[Opening PROVIDED INFORMATION section]
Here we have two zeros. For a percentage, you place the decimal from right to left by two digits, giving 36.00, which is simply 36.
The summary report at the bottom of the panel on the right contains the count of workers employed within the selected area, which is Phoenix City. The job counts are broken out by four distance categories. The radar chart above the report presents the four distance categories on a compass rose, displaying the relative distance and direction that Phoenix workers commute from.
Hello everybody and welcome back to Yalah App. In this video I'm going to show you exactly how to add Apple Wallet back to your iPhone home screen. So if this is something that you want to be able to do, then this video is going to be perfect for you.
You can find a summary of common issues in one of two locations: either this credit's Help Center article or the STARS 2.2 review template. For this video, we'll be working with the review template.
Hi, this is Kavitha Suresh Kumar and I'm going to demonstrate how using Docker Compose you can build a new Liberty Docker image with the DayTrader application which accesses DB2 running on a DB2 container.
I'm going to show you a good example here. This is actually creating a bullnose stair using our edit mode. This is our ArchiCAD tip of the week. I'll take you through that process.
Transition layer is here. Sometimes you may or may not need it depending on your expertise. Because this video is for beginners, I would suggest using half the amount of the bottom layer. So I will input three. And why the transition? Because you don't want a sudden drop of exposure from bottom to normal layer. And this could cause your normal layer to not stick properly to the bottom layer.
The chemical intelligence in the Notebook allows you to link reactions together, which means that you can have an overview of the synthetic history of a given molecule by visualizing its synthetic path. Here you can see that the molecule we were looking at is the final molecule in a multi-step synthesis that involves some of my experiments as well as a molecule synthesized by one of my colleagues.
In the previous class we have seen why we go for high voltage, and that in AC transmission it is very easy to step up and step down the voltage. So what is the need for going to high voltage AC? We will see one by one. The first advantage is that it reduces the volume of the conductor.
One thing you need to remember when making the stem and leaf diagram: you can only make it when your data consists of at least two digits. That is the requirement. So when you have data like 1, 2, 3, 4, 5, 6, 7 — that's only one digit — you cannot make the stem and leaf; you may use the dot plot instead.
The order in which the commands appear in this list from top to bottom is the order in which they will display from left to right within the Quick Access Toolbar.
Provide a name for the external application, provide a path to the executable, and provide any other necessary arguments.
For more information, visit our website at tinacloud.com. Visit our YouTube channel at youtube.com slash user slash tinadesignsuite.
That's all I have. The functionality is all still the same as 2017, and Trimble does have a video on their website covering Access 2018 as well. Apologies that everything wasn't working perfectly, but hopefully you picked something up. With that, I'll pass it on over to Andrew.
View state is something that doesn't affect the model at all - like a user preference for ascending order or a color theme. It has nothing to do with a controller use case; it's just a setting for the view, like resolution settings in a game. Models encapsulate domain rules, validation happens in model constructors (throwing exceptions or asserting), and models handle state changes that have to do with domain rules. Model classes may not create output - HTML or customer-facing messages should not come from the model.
[Closing PROVIDED INFORMATION section]
> TASK DETAILS:
Please restate only the opening stretch of the records above: every line from the first through the one containing "The summary report", exactly as written.

> RESPONSE:
Here we have two zeros. For a percentage, you place the decimal from right to left by two digits, giving 36.00, which is simply 36.
The summary report at the bottom of the panel on the right contains the count of workers employed within the selected area, which is Phoenix City. The job counts are broken out by four distance categories. The radar chart above the report presents the four distance categories on a compass rose, displaying the relative distance and direction that Phoenix workers commute from.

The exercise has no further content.